Behind the music: Grammy-nominated Fox alum finds success as an … – Temple University News

Temple University alum Ben Thomas has worked as an audio engineer on Grammy-nominated and winning projects.
Upon graduating from Temple, Ben Thomas, FOX ’18, declared a lofty goal: to win a Grammy. He was so committed to this aspiration that he even turned down a job offer at Deloitte to pursue music full time as an audio engineer, producer and mixer.
Betting on himself paid off. In 2021, he received his first individual Grammy nomination for Album of the Year for his contribution to Justin Bieber’s album Justice, recording the song “There She Go.” 
“I was at lunch in New York with my good friend (music producer) Charlie Heat when I saw my nomination,” said Thomas. “I was shocked. I called my mother, and we were very excited.”

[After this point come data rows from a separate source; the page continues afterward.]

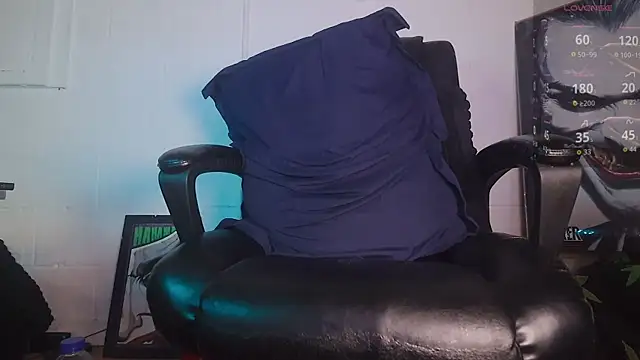 Pussypounder_10 webcam
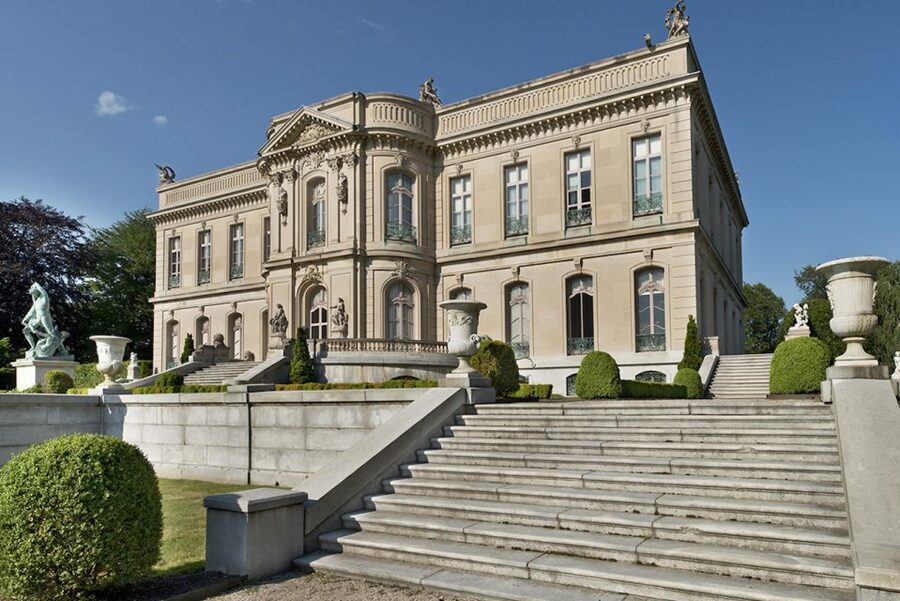 Newport: Newport Mansions Ticket - 1 or 2 Mansions - How to move between mansions without turning it into chaos
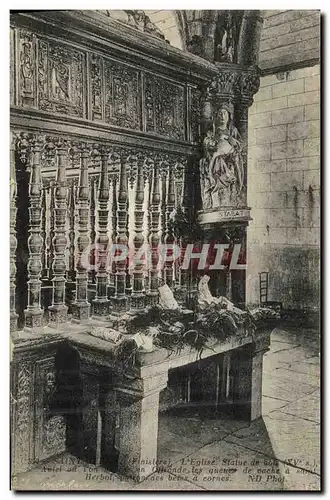 Cartes postales Saint Herbot L eglise Statue de bois Les queues de vache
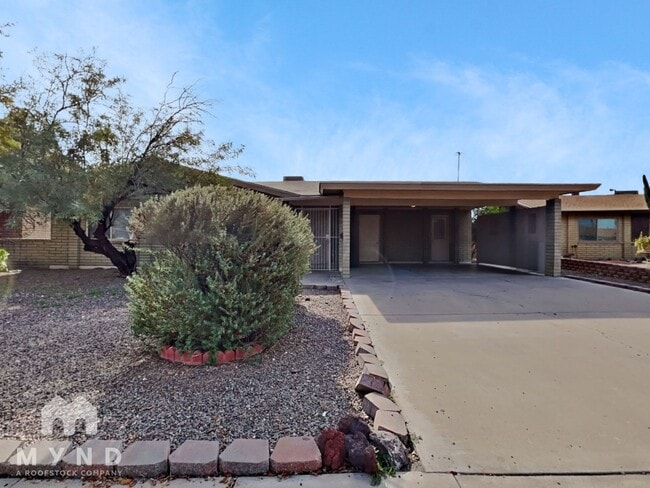 Building Photo - 2009 W Newcastle Cir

He also worked on Ingrid Andress’ debut album Lady Like, which was nominated for Best Country Album, and he took part in the production of Jazmine Sullivan’s Grammy-winning album Heaux Tales
He’s again invited to the 2023 Grammy Awards on Sunday, Feb. 5, for his work on a song from Pusha T’s It’s Almost Dry, which is nominated for Best Rap Album.
Additionally, Thomas has worked on projects nominated for the BET Awards, Soul Train Awards, NAACP Image Awards and American Music Awards and has contributed on Platinum- and Gold-certified records as well as four Billboard No. 1 albums. He has even done a track with former President Barack Obama and collaborated with fellow Temple alum Kalen Allen, TFM ’18, on music for The Ellen Show. Over the past few years, his main gig has been engineering for Lil Uzi Vert, including his latest single “Just Wanna Rock,” which has recently gone Platinum.  
Ben Thomas with his awards and honorsThomas has contributed on projects that have been nominated for various music awards and certified Gold and Platinum. (Courtesy of Ben Thomas)
Thomas also owns and operates After5 Studios, which specializes in single vocalists, duets, rappers, acoustic singer-songwriters and podcasters, in Philadelphia’s Kensington neighborhood, as is also co-owner of independent record label and management company nicethingsMUSIC. 
He developed his business acumen at Temple as an entrepreneurship and innovation management major. In addition to interning at financial firms such as Firstrust Bank, Thomas served as lead audio engineer at RECPhilly and Studio Breed, one of the largest recording studios in Philadelphia, and was a campus ambassador for GrammyU, the college division of the National Academy of Recording Arts and Science, the organization responsible for the Grammy Awards.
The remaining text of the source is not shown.